• _WHAT YOU NEED TO DO_:
Return all of the following entries as written, but without the images.

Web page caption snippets
++++++++++++++++++++

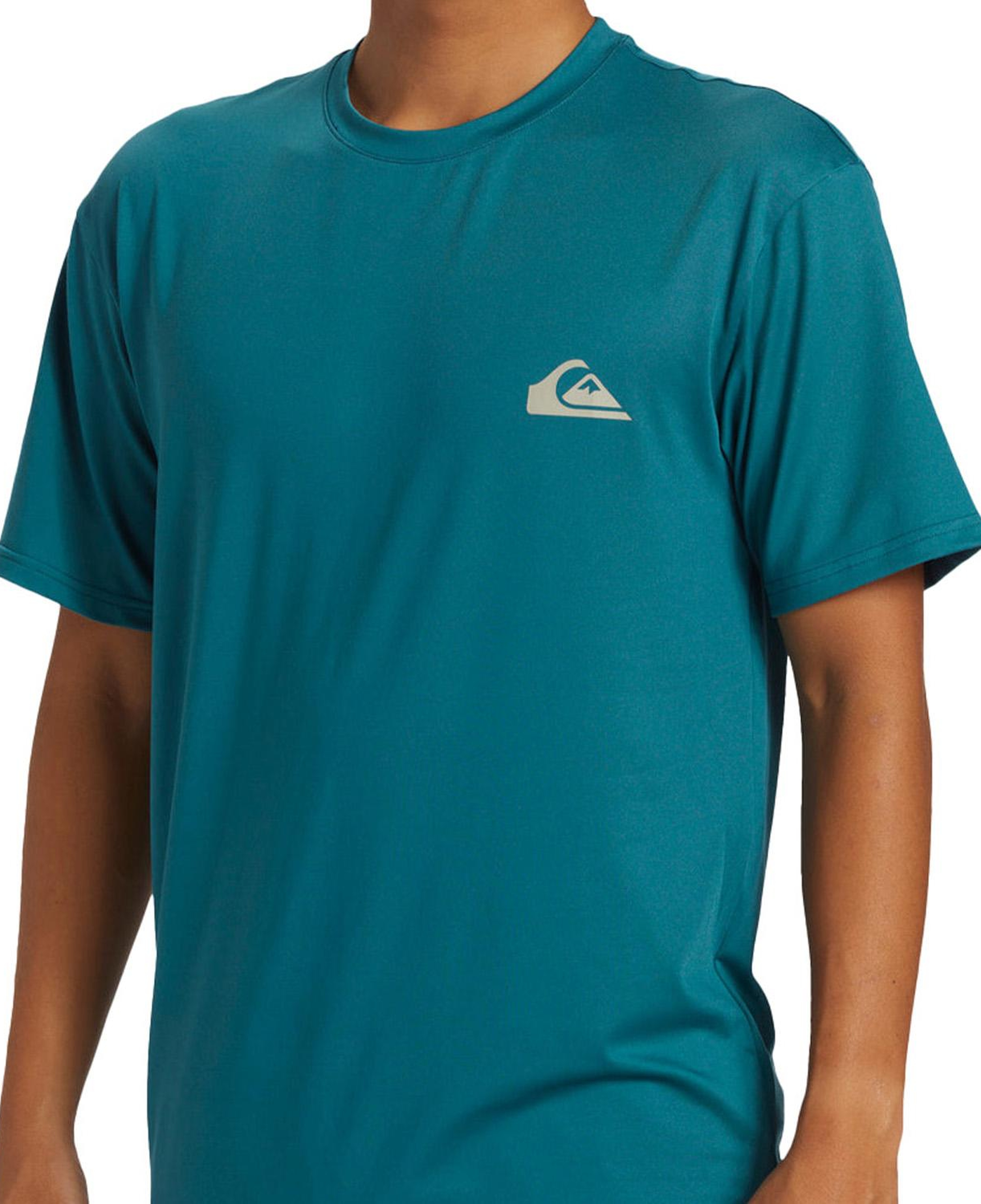Quiksilver Everyday Surf Erkek Likra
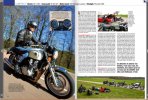 HONDA CB1100.JPG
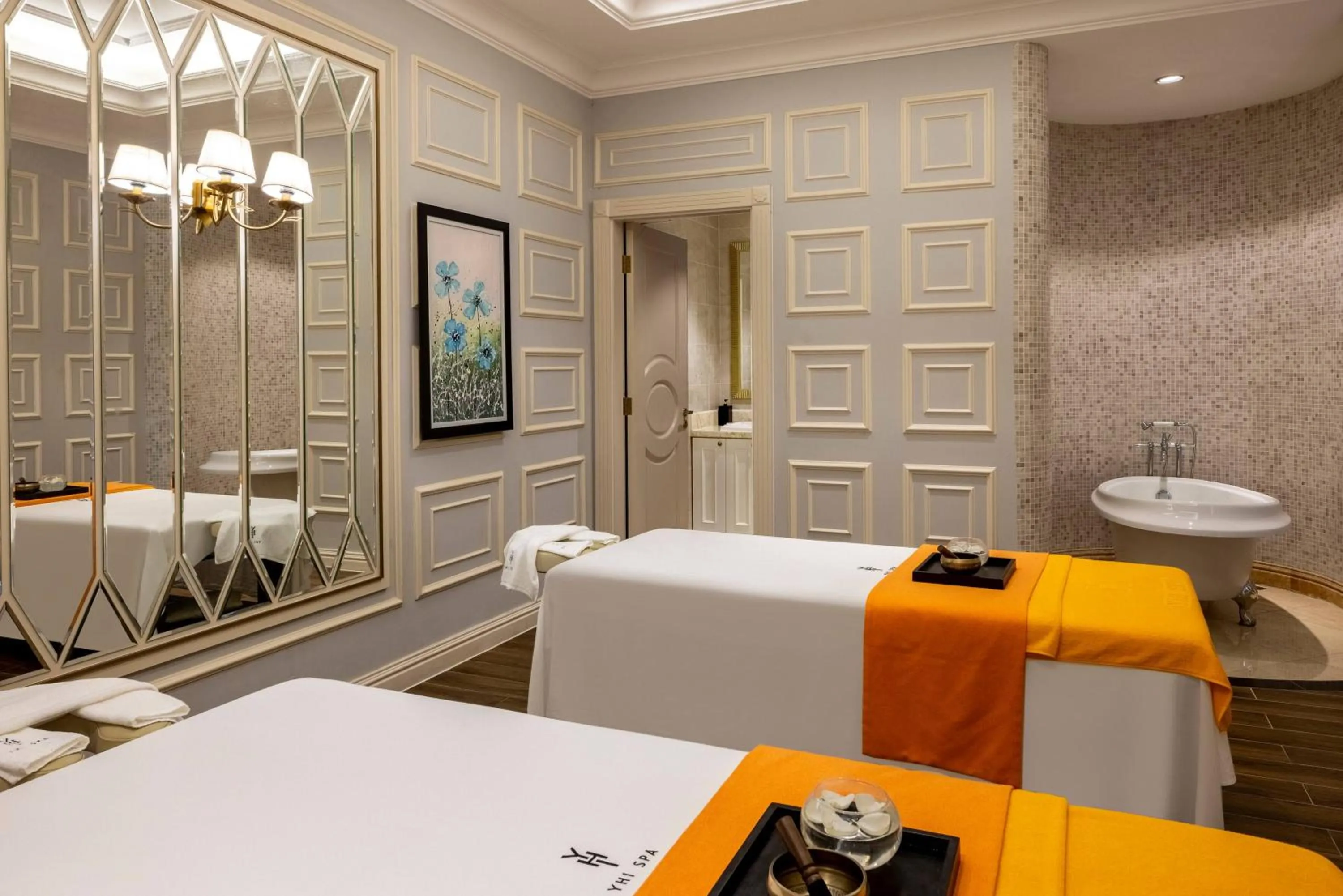 Meliá Vinpearl Phu Ly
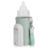 LIONELO buteliukų šildytuvas THERMUP GO EVO, Green sage, LOC-THERMUP GO EVO 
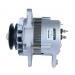ALTERNATOR:600-821-6120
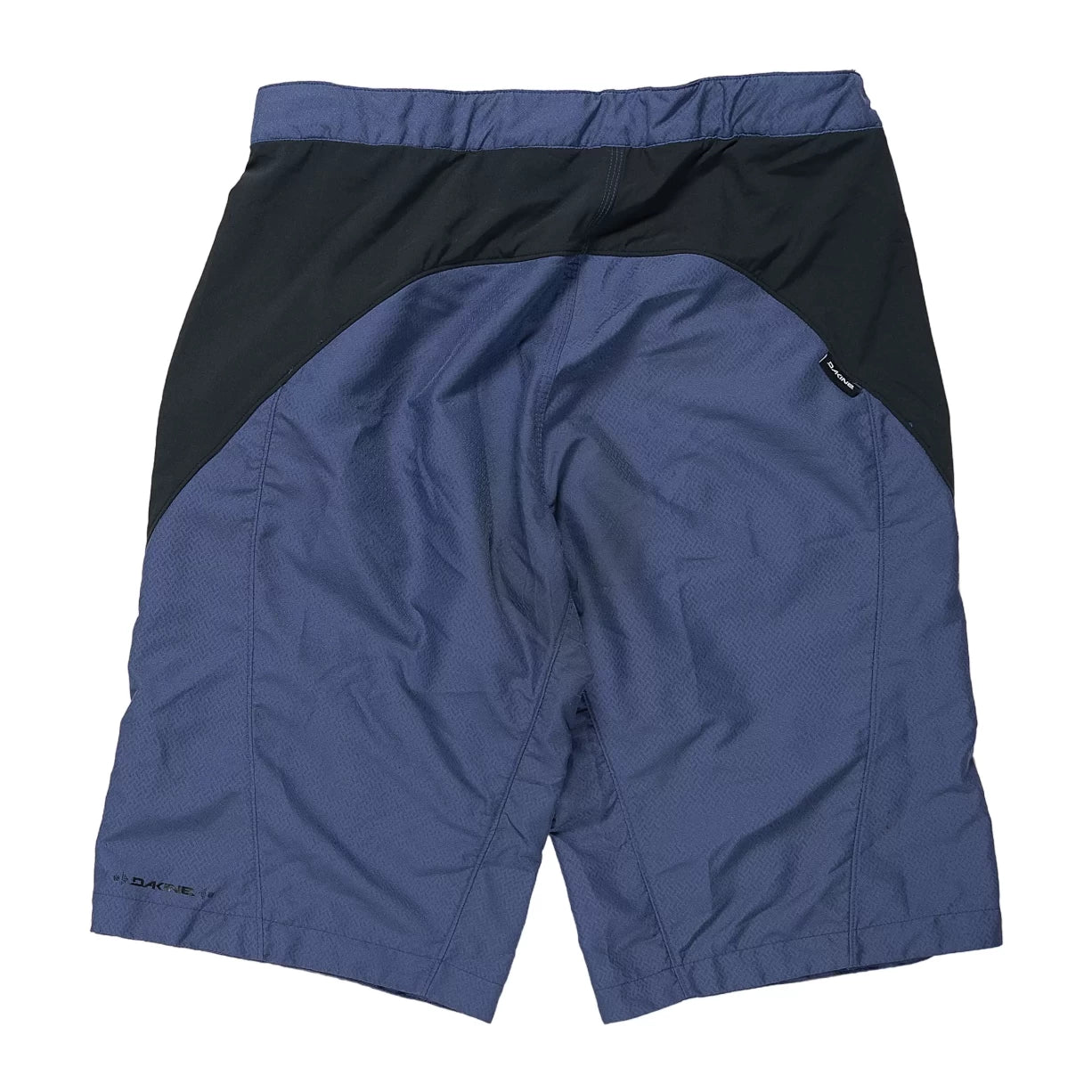30Navy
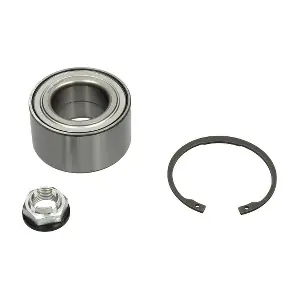 WBK-10074 KAVO PARTS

++++++++++++++++++++

• _SOLUTION TO THE PROBLEM_:
Quiksilver Everyday Surf Erkek Likra
 HONDA CB1100.JPG
 Meliá Vinpearl Phu Ly
 LIONELO buteliukų šildytuvas THERMUP GO EVO, Green sage, LOC-THERMUP GO EVO 
ALTERNATOR:600-821-6120
30Navy
 WBK-10074 KAVO PARTS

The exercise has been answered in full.